Directions: Copy every line that contains the string "ElCabildo" from the entries below.

---------- Exercise inputs ----------

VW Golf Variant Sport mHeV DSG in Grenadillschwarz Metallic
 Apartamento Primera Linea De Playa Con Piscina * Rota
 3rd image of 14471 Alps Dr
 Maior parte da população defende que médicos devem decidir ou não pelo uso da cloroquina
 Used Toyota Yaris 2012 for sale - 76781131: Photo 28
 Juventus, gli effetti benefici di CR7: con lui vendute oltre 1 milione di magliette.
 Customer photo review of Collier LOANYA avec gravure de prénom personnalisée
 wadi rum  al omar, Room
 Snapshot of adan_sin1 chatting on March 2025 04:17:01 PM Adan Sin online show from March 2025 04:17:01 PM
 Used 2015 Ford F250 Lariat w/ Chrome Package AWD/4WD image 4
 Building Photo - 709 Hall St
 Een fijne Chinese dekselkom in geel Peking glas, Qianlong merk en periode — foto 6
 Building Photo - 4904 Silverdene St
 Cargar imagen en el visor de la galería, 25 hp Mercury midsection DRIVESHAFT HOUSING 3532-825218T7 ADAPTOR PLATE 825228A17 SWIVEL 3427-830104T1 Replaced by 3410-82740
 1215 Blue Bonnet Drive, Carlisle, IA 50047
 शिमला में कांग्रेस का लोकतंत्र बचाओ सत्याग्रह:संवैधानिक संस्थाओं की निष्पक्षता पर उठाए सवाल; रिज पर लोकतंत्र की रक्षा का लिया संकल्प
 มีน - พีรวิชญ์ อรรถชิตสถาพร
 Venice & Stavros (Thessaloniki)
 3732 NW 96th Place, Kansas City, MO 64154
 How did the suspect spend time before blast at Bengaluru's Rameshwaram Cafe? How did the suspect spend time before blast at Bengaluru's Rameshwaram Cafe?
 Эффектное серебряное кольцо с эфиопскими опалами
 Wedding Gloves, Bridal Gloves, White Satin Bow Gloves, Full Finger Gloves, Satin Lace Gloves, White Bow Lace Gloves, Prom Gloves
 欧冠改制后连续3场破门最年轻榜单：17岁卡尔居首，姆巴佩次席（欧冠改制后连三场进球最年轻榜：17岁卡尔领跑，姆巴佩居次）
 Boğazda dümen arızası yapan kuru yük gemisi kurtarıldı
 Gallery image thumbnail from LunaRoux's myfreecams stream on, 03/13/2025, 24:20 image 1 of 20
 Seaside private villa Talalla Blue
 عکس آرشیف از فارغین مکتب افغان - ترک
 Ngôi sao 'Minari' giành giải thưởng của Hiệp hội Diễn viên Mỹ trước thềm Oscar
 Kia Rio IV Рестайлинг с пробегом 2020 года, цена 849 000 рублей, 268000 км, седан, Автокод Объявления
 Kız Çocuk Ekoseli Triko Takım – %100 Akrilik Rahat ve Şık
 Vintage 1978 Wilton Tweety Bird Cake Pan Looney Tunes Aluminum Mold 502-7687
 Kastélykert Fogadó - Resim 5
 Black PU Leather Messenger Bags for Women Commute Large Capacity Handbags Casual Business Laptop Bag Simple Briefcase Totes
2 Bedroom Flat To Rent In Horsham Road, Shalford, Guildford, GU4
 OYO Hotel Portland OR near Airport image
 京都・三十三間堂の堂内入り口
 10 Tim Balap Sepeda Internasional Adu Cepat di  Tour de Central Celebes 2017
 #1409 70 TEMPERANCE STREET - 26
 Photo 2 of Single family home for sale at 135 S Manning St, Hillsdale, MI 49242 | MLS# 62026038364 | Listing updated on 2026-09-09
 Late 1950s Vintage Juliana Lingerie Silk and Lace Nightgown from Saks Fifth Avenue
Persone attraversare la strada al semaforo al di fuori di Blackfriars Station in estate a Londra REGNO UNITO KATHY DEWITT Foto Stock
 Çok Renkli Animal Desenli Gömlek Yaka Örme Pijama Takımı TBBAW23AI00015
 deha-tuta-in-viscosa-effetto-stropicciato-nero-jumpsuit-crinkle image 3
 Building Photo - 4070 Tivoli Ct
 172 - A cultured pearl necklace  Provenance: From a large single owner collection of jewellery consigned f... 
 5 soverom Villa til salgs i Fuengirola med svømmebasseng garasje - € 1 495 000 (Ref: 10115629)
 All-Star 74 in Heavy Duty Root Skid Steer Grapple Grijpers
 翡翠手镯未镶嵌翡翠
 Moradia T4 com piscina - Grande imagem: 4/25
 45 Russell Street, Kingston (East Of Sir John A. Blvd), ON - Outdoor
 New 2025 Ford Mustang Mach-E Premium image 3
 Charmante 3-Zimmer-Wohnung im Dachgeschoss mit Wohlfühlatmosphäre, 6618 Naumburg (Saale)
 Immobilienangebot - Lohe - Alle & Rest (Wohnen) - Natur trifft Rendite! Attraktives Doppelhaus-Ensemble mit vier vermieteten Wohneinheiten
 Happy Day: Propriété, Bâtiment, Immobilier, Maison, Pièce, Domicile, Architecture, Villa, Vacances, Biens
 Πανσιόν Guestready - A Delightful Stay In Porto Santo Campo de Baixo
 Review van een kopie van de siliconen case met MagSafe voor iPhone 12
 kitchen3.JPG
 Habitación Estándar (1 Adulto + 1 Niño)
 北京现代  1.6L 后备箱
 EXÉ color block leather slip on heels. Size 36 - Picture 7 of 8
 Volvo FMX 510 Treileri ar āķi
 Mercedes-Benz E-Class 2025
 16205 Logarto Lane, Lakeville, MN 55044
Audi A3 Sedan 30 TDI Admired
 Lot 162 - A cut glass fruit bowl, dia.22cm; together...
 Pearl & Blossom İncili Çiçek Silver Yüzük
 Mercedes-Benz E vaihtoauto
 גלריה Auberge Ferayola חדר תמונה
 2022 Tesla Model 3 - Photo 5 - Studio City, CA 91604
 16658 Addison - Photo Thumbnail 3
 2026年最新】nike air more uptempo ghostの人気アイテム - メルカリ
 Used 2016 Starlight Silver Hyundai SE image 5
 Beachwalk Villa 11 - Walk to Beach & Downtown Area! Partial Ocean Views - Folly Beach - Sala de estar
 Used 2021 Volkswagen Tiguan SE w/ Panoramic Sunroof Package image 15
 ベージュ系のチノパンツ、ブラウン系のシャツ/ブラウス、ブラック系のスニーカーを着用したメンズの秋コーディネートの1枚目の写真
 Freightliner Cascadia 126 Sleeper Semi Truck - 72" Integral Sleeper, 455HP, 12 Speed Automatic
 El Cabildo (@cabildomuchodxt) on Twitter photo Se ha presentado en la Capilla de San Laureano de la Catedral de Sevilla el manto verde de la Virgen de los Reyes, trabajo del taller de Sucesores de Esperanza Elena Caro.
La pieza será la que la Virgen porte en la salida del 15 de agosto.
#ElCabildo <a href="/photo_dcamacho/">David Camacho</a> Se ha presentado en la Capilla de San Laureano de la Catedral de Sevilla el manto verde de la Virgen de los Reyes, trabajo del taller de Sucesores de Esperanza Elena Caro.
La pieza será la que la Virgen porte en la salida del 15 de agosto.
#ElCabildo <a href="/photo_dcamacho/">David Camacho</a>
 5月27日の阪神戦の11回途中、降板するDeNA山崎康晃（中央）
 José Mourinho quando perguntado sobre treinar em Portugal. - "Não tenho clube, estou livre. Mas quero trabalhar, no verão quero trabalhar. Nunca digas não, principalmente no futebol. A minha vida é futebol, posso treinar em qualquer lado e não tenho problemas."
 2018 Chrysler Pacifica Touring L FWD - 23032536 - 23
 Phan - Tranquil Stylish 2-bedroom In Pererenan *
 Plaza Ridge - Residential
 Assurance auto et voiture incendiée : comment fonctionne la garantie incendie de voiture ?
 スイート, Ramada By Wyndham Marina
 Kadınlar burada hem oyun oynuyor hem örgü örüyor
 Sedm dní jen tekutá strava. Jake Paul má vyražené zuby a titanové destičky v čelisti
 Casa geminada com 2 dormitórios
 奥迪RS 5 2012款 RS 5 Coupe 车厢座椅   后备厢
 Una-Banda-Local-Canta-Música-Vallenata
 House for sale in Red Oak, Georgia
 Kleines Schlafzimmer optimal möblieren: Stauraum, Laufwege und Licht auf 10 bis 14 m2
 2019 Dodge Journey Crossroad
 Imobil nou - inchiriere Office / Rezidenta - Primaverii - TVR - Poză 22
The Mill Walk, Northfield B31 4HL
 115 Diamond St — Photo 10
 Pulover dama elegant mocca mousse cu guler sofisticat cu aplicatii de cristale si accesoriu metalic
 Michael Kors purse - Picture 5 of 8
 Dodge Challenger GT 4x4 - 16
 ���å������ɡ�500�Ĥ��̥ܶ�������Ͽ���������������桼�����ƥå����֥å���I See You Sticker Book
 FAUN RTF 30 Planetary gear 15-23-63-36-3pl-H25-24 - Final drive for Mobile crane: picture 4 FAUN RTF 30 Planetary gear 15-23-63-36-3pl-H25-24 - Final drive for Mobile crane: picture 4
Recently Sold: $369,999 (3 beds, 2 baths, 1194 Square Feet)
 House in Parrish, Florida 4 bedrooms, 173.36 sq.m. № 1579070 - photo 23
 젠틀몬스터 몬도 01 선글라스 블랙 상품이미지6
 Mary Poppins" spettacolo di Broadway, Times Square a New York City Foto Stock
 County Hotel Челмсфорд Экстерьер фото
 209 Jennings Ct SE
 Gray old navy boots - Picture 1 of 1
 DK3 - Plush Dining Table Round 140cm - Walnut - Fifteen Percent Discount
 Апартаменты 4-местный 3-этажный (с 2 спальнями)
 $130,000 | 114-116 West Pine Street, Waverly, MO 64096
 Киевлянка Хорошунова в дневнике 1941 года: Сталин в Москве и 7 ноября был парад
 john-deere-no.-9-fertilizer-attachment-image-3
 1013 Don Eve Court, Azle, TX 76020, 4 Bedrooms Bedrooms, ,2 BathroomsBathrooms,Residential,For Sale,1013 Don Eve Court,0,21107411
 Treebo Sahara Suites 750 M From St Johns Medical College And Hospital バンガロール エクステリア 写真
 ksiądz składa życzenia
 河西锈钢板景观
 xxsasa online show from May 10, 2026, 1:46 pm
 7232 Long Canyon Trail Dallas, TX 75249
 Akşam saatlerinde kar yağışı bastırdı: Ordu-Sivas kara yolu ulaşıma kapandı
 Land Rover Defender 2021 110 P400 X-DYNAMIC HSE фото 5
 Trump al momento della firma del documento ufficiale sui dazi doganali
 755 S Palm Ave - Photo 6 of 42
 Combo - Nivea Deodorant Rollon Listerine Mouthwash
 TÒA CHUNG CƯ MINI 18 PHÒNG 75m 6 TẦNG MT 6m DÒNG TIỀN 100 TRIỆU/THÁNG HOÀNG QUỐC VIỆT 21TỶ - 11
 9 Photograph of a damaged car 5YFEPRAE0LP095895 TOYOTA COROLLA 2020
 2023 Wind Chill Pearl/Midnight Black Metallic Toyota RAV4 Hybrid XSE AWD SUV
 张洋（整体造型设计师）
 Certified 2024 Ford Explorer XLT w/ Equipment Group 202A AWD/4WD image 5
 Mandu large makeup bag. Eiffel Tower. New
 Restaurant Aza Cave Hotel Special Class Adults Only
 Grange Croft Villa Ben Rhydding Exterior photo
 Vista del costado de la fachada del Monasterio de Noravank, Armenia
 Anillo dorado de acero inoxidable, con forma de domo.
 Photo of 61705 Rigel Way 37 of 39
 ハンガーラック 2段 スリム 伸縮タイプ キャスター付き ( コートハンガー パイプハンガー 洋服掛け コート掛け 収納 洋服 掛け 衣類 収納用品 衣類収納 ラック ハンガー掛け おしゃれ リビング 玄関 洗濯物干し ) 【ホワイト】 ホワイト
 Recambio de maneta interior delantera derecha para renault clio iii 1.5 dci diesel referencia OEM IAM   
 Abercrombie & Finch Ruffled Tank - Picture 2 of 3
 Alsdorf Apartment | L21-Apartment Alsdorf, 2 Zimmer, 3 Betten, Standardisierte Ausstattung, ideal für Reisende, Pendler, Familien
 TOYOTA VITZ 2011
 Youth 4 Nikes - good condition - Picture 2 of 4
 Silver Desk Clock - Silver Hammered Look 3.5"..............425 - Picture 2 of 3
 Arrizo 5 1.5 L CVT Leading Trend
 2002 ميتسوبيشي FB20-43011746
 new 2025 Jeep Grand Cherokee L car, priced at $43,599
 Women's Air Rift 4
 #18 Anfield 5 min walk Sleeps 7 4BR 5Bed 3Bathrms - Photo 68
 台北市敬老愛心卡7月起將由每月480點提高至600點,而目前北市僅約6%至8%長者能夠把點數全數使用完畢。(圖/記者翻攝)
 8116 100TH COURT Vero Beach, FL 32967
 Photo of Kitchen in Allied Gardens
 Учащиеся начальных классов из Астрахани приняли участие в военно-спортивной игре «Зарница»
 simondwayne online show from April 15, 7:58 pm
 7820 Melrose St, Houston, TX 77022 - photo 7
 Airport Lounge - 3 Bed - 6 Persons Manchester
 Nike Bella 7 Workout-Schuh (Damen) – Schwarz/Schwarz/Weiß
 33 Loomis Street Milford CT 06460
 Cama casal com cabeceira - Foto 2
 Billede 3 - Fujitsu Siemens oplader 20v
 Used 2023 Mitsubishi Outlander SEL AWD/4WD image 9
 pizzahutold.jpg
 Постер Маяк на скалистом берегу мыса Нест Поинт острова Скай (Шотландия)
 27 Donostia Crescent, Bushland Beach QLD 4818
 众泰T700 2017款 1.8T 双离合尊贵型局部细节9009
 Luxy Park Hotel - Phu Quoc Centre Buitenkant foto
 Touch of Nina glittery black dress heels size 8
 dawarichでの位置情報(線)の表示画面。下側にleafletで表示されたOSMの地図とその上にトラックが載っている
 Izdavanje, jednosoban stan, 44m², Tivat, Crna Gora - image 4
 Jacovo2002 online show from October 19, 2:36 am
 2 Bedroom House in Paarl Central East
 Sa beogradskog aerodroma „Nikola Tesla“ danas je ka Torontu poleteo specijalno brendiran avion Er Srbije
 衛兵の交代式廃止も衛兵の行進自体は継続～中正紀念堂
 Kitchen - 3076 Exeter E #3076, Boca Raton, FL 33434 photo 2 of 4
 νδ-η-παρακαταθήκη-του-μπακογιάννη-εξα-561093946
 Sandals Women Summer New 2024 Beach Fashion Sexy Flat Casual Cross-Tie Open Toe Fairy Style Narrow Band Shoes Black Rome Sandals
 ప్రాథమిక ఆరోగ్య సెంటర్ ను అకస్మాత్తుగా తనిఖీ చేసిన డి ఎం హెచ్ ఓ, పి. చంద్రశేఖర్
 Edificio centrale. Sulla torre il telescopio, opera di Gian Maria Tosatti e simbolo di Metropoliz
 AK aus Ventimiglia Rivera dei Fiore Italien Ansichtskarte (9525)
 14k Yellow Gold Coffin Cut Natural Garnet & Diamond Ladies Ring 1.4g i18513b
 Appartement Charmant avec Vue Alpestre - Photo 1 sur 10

----------

Written solution:
#ElCabildo <a href="/photo_dcamacho/">David Camacho</a> Se ha presentado en la Capilla de San Laureano de la Catedral de Sevilla el manto verde de la Virgen de los Reyes, trabajo del taller de Sucesores de Esperanza Elena Caro.
#ElCabildo <a href="/photo_dcamacho/">David Camacho</a>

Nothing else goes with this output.